3. Result and discussions

3.1. X-ray powder

X-ray diffraction patterns, depicted in Fig. 1, corresponding to Li2M(WO4)2 for cobalt, nickel, and copper, respectively, show that the samples are single phase. Indeed, all the peaks can be indexed in the unique triclinic unit cell and the P[1 with combining macron] space group. The crystal structures of Li2M(WO4) (M = Ni, Co and Cu) materials were refined using Rietveld method. The obtained results of the Rietveld refinement are summarized in Table 2. The obtained results are in good agreement with the data reported in the literature.14 The XRD patterns of Li2Co(WO4)2 and Li2Ni(WO4)2 are very similar, suggesting that the two compounds are isostructural. It is worth pointing out that the main difference between the structures of Li2M(WO4)2 (M = Co or Ni) and Li2Cu(WO4)2 is the relative positions of the atoms and the symmetry elements. This seems to be due, most likely, to the strong Jahn–Teller effect found in the CuO6 octahedra in which an important elongation is produced.14
image file: c8ra10306b-f1.tif
Fig. 1 Powder X-ray diffraction pattern and Rietveld refinement of Li2M(WO4)2 (M = Co, Ni and Cu).
Table 2 System, space group and the unit cell parameter of Li2M(WO4)2 (M = Co, Ni and Cu)
Sample System/space group Parameter
Li2Ni(WO4)2 Triclinic/P[1 with combining macron] a = 4.903/b = 5.597/c = 5.836
α = 70.881/β = 88.548/γ = 115.436
Li2Cu(WO4)2 Triclinic/P[1 with combining macron] a = 4.962/b = 5.492/c = 5.884
α = 70.741/β = 85.995/γ = 66.041
Li2Co(WO4)2 Triclinic/P[1 with combining macron] a = 4.916/b = 5.660/c = 5.875
α = 69.491/β = 91.450/γ = 116.153


3.2. Particle morphology

The morphology and particle size of the electrode materials for rechargeable batteries strongly affect the Li+ de-/insertion reaction. The morphological study was conducted by scanning electron microscopy (SEM) to perform an observation of the morphology and also for the determination of the particle size distribution of the Li2M(WO4)2 for cobalt, nickel, and copper compounds. Fig. 2a, 3a and 4a show the SEM micrographs of the synthesized materials. This morphological features, together with the X-ray data (Fig. 2) confirms the high crystallinity of the studied samples, The comparison of the micrographs shows clearly that the metal based Li2M(WO4)2 (M = Co, Ni, Cu) oxides materials has a great influence on the morphological properties. Strong agglomeration of the primary particles is observed mainly for the material Li2Co(WO4)2 (Fig. 5) which could have an effect on the conductivity and electrochemical properties of the Co-based compound.
image file: c8ra10306b-f2.tif
Fig. 2 (a) SEM micro-graphs and (b) the corresponding histograms for statistical calculation of the particle size of Li2Co(WO4)2.
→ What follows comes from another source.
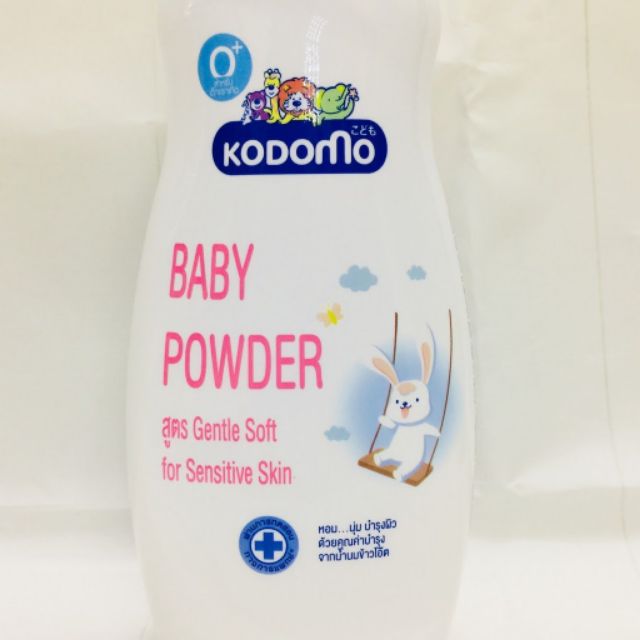 Phấn ngừa rôm sảy Kodomo Gentle Soft 0+ 400g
image file: c8ra10306b-f3.tif
Fig. 3 (a) SEM micro-graphs and (b) the corresponding histograms for statistical calculation of the particle size of Li2Ni(WO4)2.

image file: c8ra10306b-f4.tif
Fig. 4 (a) SEM micro-graphs and (b) the corresponding histograms for statistical calculation of the particle size of Li2Cu(WO4)2.
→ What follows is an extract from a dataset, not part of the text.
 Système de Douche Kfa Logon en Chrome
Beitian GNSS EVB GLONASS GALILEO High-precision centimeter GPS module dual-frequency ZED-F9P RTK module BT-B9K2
image file: c8ra10306b-f5.tif
Fig. 5 The SEM micrographs with high magnification of Li2Co(WO4)2.

The analysis of SEM images using the software (image J) leads to the determination of the particle size distribution of the elementary particles. The statistical determination of the sizes was carried out on a hundred of the particles. Fig. 2b, 3b and 4b shows the histogram of the statistical calculation of the particle size. The size distribution of the particles is of Gaussian type and is relatively homogeneous with an average particle size of about 2.1 μm, 3.46 μm, and 9.81 μm for the Li2Co(WO4)2, Li2Ni(WO4)2, and Li2Cu(WO4)2 respectively. This result confirm the SEM micro-graphs (Fig. 3) and indicates that the nature of the metal has a strong effect on the average particle size and the particle size distribution of the primary particles of Li2M(WO4)2 materials.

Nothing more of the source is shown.